Did you give him any examples of frontmen from bands? Because I can see a little Axl Rose, a little Brett Michaels.

Yeah. Those were the two who I said, this is kind of where we’re headed because they’re sort of more slithery. I was a doing Skype costume fitting with him on my iPad. I was watching. He had on the fur coat and the leather pants. They were just tying the Brett Michaels bandana on him. He had the sunglasses on. Because Rita, the costume designer is short, in order for him to reach, he had to like put his head back, he arched his head and he was sort of going like that and I captured it on my iPad. I emailed it to him. I said, this is who you are. This is who I need you to be for the whole movie. That’s where all that swagger and all that arched back came in. By the way, it did not come naturally to him. He had to will that on his body.

It looks natural in the movie.

Isn’t that weird. This is a true performance. There is no Tom in there which is exciting like I sort of can’t believe it. He was so exhausted. It was like he was almost getting hurt doing the dance rehearsals and I thought, “Oh my God, it’s going to be the musical that takes him down.” That’s amazing. He just had the best time.

There is a lot of boob grabbing on his part.

Yeah. It’s funny because I hadn’t actually told him to do it to the guys. It was scripted him doing it to Julianne and then when Catherine was out there, I was like, “You got to grab Catherine’s teat.” I mean come on. He said, “Really?” I said, “Yeah. Just tell her.” He goes, “You tell her. I’m not just going go up and grab Catherine’s boob.” I was like, “Oh yeah, I supposed I was. Can Tom grab your boobs?” She says, “Yeah, whatever.” That was that. But then he started doing it to Alec. Because Tom never wants to be like overly lewd. I was like, I get what you’re doing. You’re searching for their soul. You’re testing their heartbeat. It’s all that.

How was the scene in the trailer that a girl comes screaming and yelling…

I’m going to be really honest, I know that was fantastic except the girl was terrible.
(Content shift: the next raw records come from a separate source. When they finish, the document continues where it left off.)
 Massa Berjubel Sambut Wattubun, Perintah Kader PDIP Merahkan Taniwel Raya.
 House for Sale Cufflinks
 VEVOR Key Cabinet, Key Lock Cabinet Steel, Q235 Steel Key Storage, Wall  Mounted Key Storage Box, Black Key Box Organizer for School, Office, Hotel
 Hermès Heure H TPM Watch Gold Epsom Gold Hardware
We couldn’t get the top open right. It’s only in kind of video cutting because it was like just sign her boobs already… I mean it took forever to do it and then to get her out and she wasn’t good. In tight cuts, it’s funny but for the movie, it didn’t work. It just took forever. It just took forever.

How much did you have to put an eye on the funniness coming out, the comedic plot?
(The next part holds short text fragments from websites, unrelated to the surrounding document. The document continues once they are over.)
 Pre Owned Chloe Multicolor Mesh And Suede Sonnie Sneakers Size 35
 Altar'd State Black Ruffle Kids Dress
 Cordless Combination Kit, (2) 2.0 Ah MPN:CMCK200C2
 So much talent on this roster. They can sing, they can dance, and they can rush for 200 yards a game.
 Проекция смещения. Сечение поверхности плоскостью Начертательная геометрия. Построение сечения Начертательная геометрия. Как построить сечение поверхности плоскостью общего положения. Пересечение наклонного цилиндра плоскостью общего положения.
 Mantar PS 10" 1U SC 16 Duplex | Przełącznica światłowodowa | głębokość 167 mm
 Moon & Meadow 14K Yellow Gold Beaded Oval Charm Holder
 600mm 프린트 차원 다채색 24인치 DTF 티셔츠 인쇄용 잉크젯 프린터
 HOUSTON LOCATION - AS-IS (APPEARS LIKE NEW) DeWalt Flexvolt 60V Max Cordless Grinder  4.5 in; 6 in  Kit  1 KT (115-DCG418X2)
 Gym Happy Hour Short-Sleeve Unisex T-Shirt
I knew if everybody – I have a baseline philosophy from my particular kind of comedy that I do which is it’s not funny if it’s not real. I like comedy to come out of the character and the situation. That’s why I didn’t put anybody in absurd costumes. I didn’t want them chasing the jokes of the wigs and the makeup and the hair and the colors and all that. Comedy truly came for me out of the character and the situation. I knew that I had Russell and Alec. I knew that if Tom really did his thing he would be really weird and funny. Catherine, I knew was going to be hilarious because she really was the crazy one. I was like your Eva Peron go. That’s why she started doing that. I said, I literally want to be that at the end. She was like, “Alright, whatever you say.” That’s my part of my doing. I wink at other musicals in it. Just like in Hairspray when I had Tracee on the garbage truck singing Good Morning Baltimore. That was from Funny Girl, the tug boat. In Hit Me With Your Best Shot, the pals are from West Side Story. I’m saying thank you and I love you to musicals all over the place. Those were not random moments.

Can you talk a little bit about replicating the late 80s LA.
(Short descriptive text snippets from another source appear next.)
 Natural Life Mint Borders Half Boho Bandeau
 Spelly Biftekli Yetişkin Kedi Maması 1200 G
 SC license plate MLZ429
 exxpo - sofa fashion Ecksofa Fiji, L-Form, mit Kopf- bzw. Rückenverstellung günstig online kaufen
It’s just out. It’s literally out of my photo album. It’s my memories. There is millions of books out there documenting this period in Los Angeles. Jon Hutman, the production designer, I said to him, I don’t want this to be a joke. I wanted it to look as much as we can. If you actually walk along the strip there is a lot of just dumb businesses in there that are non-iconic. So I said just press everything together that’s actually kind of cool. Sort of that’s what we did.

Was much of it actually shot on the strip?

None. Not one. It was all Miami. Like the hills and all that, that’s digital because there is like condos in the background of the actual picture. We had to erase Miami and put in the hills and all that.

The club…

That’s in Fort Lauderdale.

What inspired the real club here in…

I wanted it to be a combination of The Whisky but the interior for more camera angles would be like House of Blues. Those were my inspirations for Jon about it. The balconies in House of Blues are great. I needed as many camera angles as possible.

Why in all the posters and the trailers show all the characters except for Bryan Cranston.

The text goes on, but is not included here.